The company announced a sales increase of 7.8 percent for the quarter, but largely due to the write-down profit fell to $152.4 million, or 43 cents a share, from $202 million, or 57 cents a share, a year earlier. Heinz said in December it would have to write down its 16-percent stake in organic food maker Hain, which it bought at an average of $30 a share.
The North American consumer products segment increased by 11 percent, pushed by sales of Ore-Ida brand products, Bagel Bites and TGI Friday's frozen snacks.
"Heinz's marketing programs for these brands have been very effective and consumers have responded positively to new recipes and packaging," said the company.
The increase in sales across the Atlantic was slighter at 6.9 percent and benefited from the weaker dollar.
The sales growth was praised by company CEO William Johnson, who said he was particularly pleased by state of play in the US and added that developing markets such as India, Poland, Russia and parts of Asia also performed well.

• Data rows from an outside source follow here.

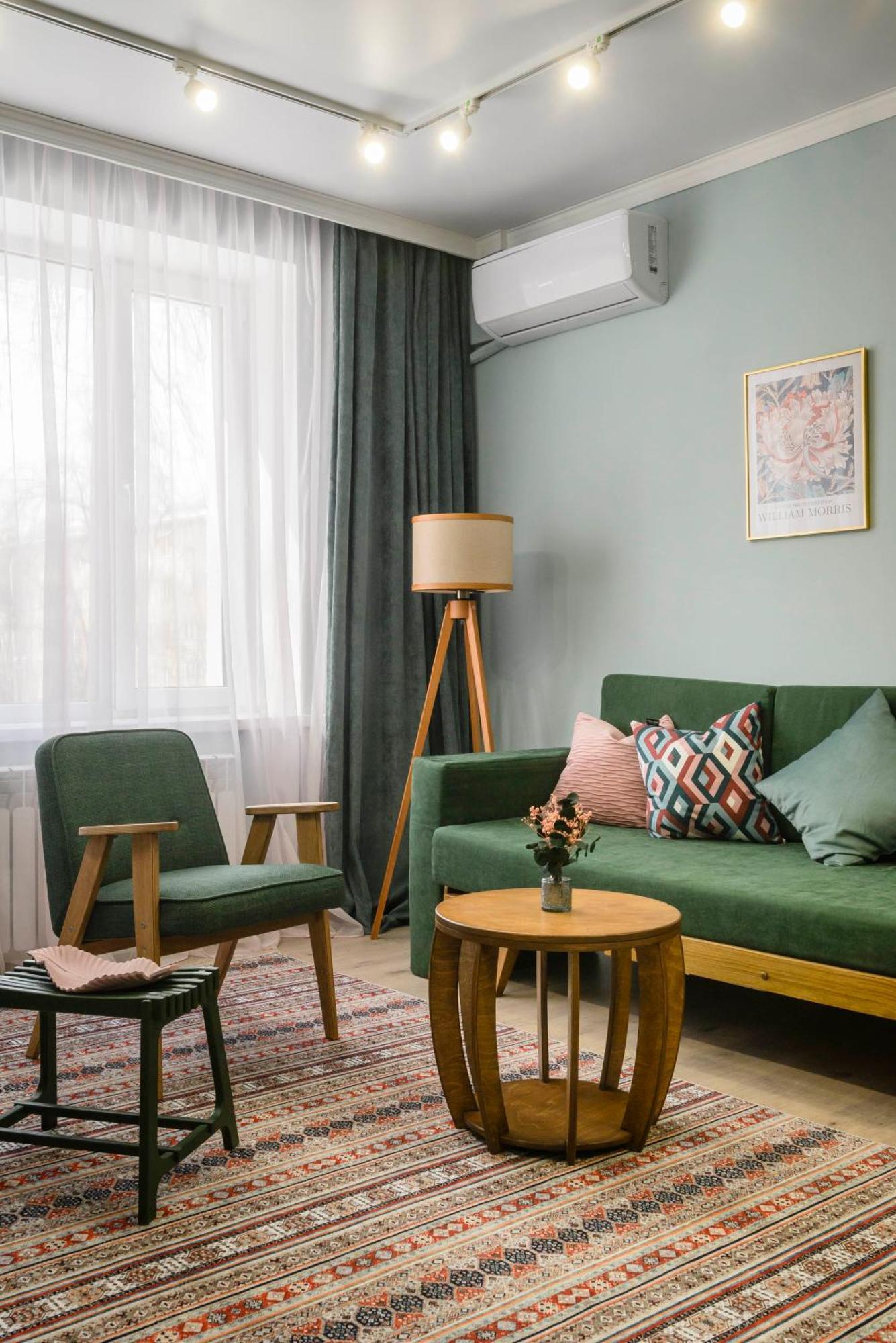 Mid-Century Charm Apartments В Центре Алматы Exterior photo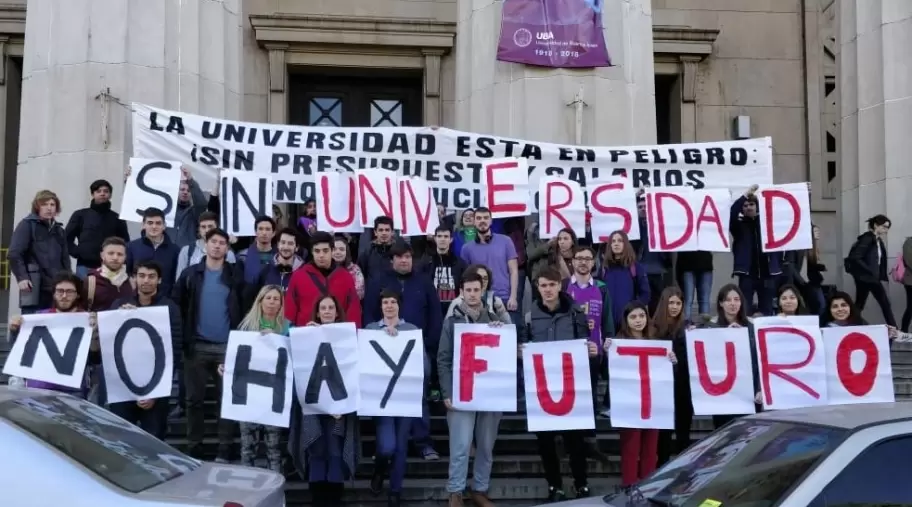 Una vez ms , la universidad publica se vio atentado por las medidas del actual gobierno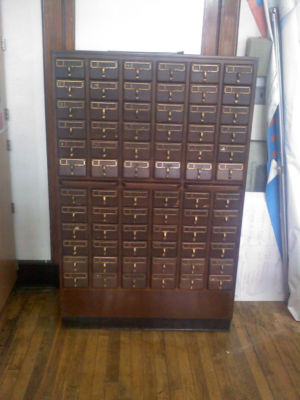 VINTAGE WOOD 15 DRAWER DOVETAILED LIBRARY CARD CATALOG FILE CABINET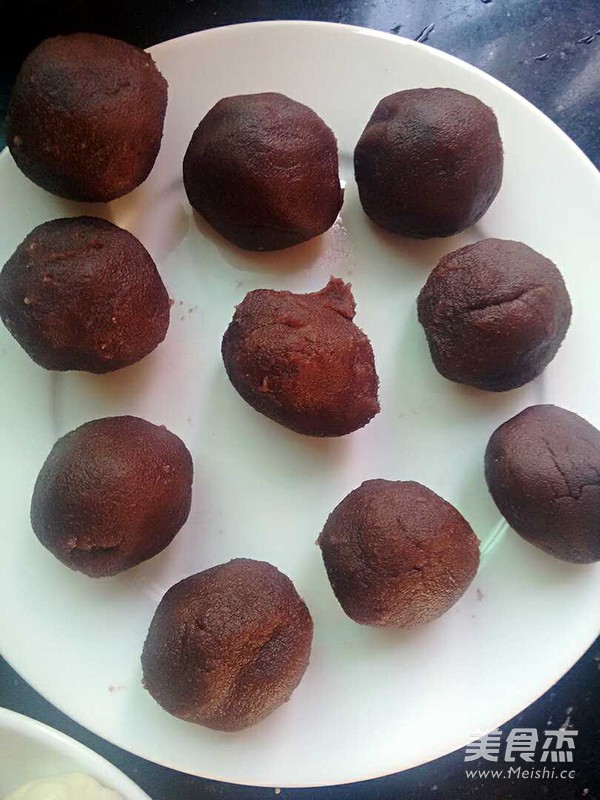 蛋黄酥的家常做法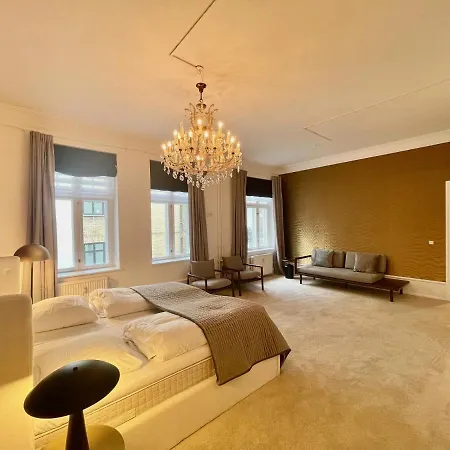Beautiful 3 Bedroom Flat Next To The Marble Church Apartment Copenhagen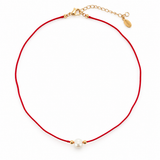 Collar de perlas con hilo rojo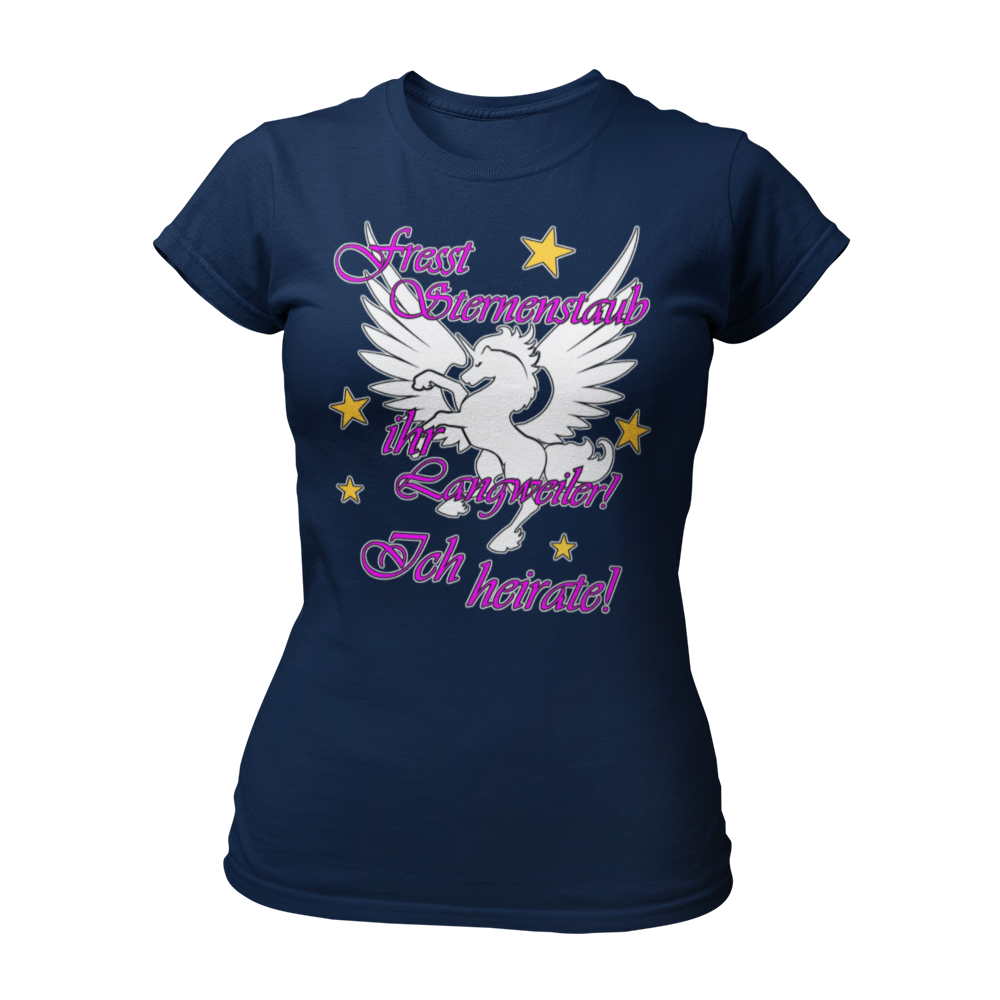 JGA T-Shirt 'Einhorn' für Frauen, mit einem großen Einhorn-Motiv und dem Spruch 'Fresst Sternenstaub, ihr Langweiler, ich heirate!' in pinker Schrift. Das feminines Damenshirt hat einen taillierten Schnitt und wird durch kleine Sternchen verziert. Perfekt für den Mädelsabend vor der Hochzeit
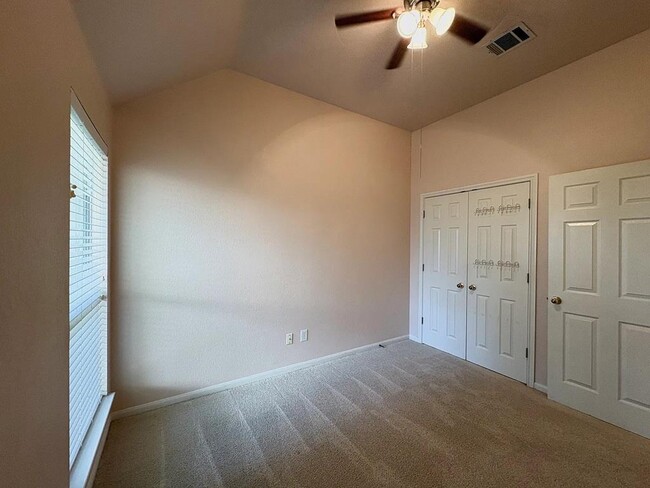 Building Photo - 1837 Maize Bend Dr
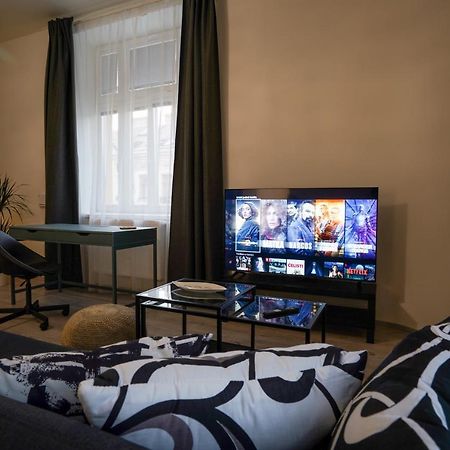 אולומוץ Lucy'S Apartments מראה חיצוני תמונה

Despite the loss of earnings, Johnson said Heinz remained on track with for its full-year target range of $2.32-$2.42, though added he expected the final results to be "towards the lower end of the range". Analysts on average forecast $2.34 a share, according to Reuters Estimates.
A decline in gross profit margin was blamed on increased commodity and fuel costs, lower pricing and substantially higher supply chain costs in the European seafood business, which it said it was considering exiting.
In recent years, Heinz has refocused its business on ketchup, condiments, sauces, food service, meals and snacks and in 2002, the company sold its tuna, pet food and baby food divisions to Del Monte Foods. Shares of Heinz rose 1.5 percent early on the New York Stock Exchange.